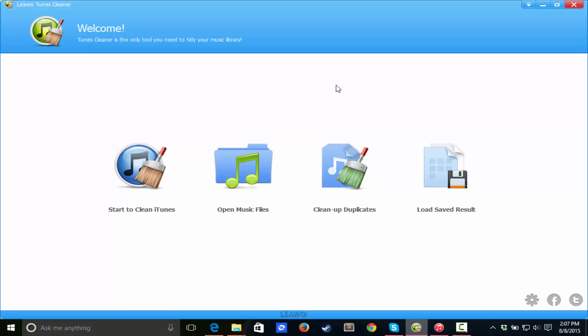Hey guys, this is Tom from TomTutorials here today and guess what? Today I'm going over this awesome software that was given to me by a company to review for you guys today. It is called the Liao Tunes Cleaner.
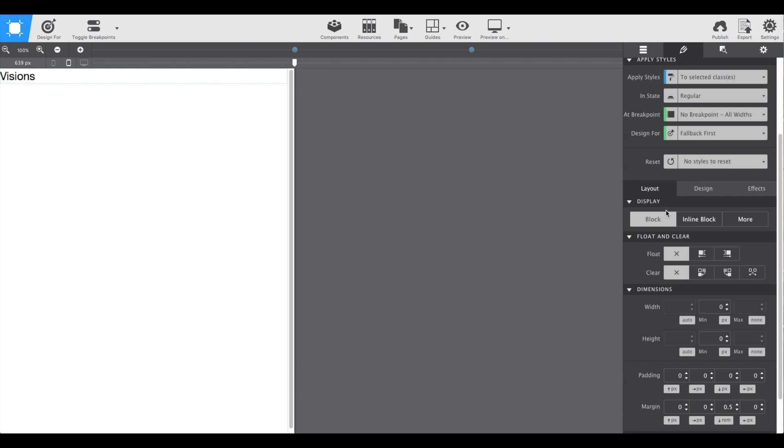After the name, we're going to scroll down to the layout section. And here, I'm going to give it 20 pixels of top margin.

==

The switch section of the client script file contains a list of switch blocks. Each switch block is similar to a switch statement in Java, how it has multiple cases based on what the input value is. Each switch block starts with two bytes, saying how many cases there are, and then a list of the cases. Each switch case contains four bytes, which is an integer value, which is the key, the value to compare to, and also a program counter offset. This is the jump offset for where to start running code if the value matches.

Work instruction =>
From the records above, transcribe only the stretch from the line with "Hey guys, this" through the line with "After the name, we're", keeping both ends. Omit pictures.

Exercise answer =>
Hey guys, this is Tom from TomTutorials here today and guess what? Today I'm going over this awesome software that was given to me by a company to review for you guys today. It is called the Liao Tunes Cleaner.
After the name, we're going to scroll down to the layout section. And here, I'm going to give it 20 pixels of top margin.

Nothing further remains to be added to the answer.